───── Records to process ─────
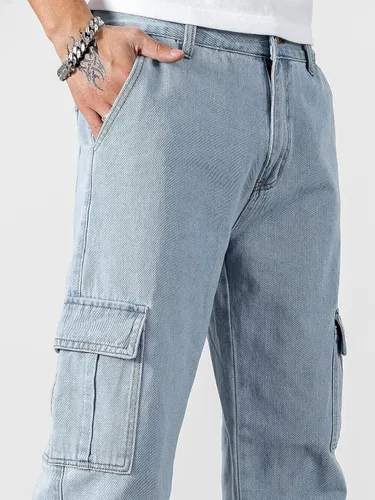 Vista 7 de Jeans para hombre con letras parcheadas con detalle de solapa, bolsillo lateral, jeans cargo para hombres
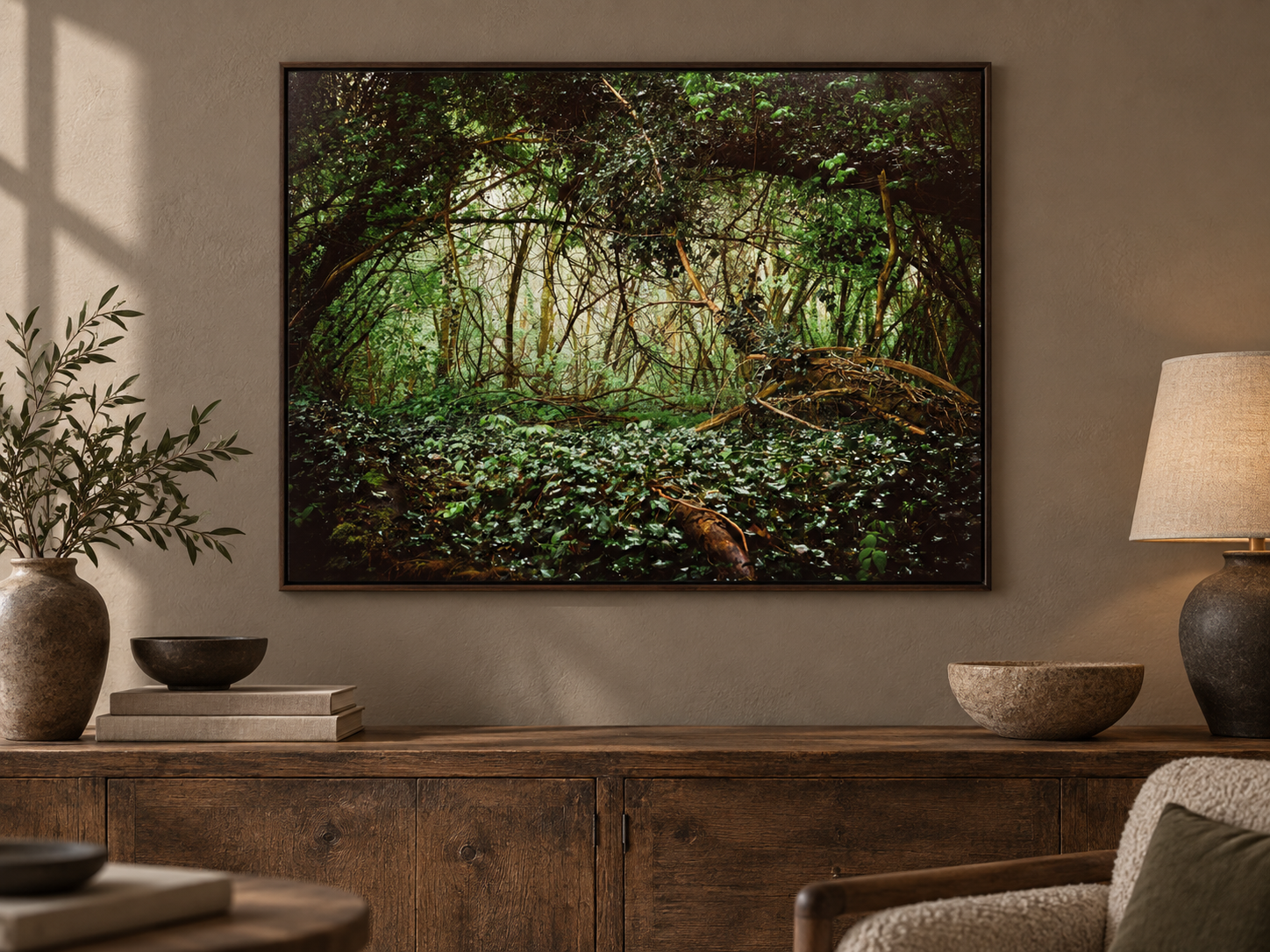 Raumvisualisierung mit der Fotokunst „Deutscher wald, Deutschland“ von André Wagner; keine fotografierte Installation.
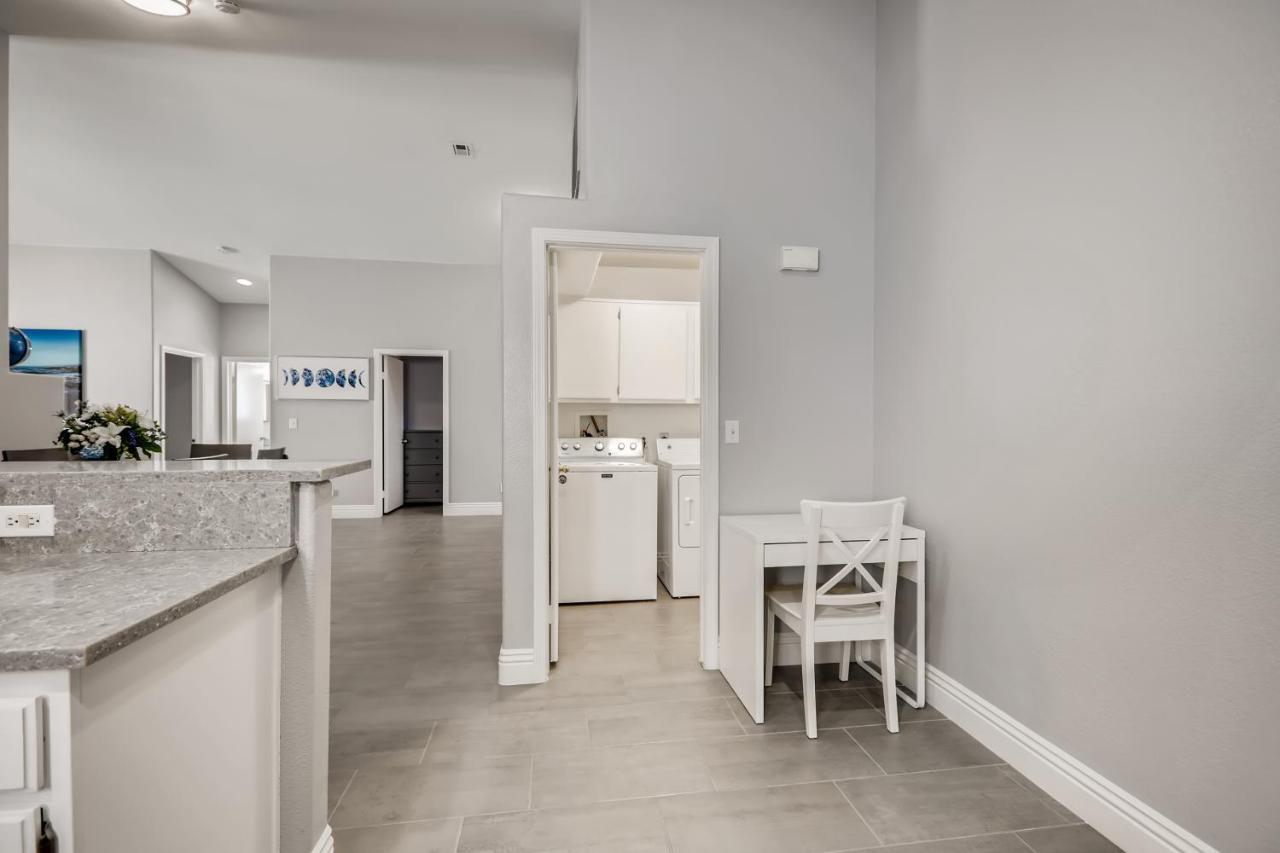 Luxurious House With A Pool, Spa, And Patio, Sleeps 6 Comfortably Las Vegas Buitenkant foto
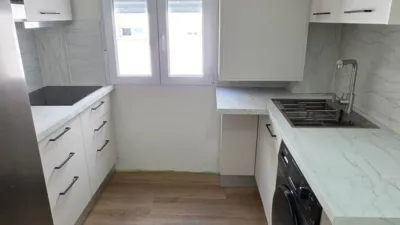 Habitación en alquiler en Calle Diego De Ros Y Medrano, Chorrillo (Distrito Chorrillo-Garena. Alcalá de Henares) de 400 €<span>/mes</span>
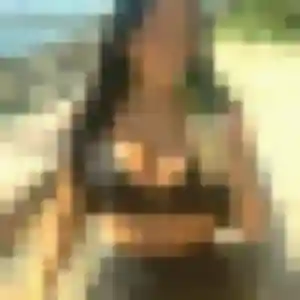 Ghislaine, 45 ans, connectée à Divonne-les-Bains pour une rencontre coquine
─────
Task ▸ Repeat every entry above word for word, and include no pictures.

Your response ▸
 Vista 7 de Jeans para hombre con letras parcheadas con detalle de solapa, bolsillo lateral, jeans cargo para hombres
 Raumvisualisierung mit der Fotokunst „Deutscher wald, Deutschland“ von André Wagner; keine fotografierte Installation.
 Luxurious House With A Pool, Spa, And Patio, Sleeps 6 Comfortably Las Vegas Buitenkant foto
 Habitación en alquiler en Calle Diego De Ros Y Medrano, Chorrillo (Distrito Chorrillo-Garena. Alcalá de Henares) de 400 €<span>/mes</span>
 Ghislaine, 45 ans, connectée à Divonne-les-Bains pour une rencontre coquine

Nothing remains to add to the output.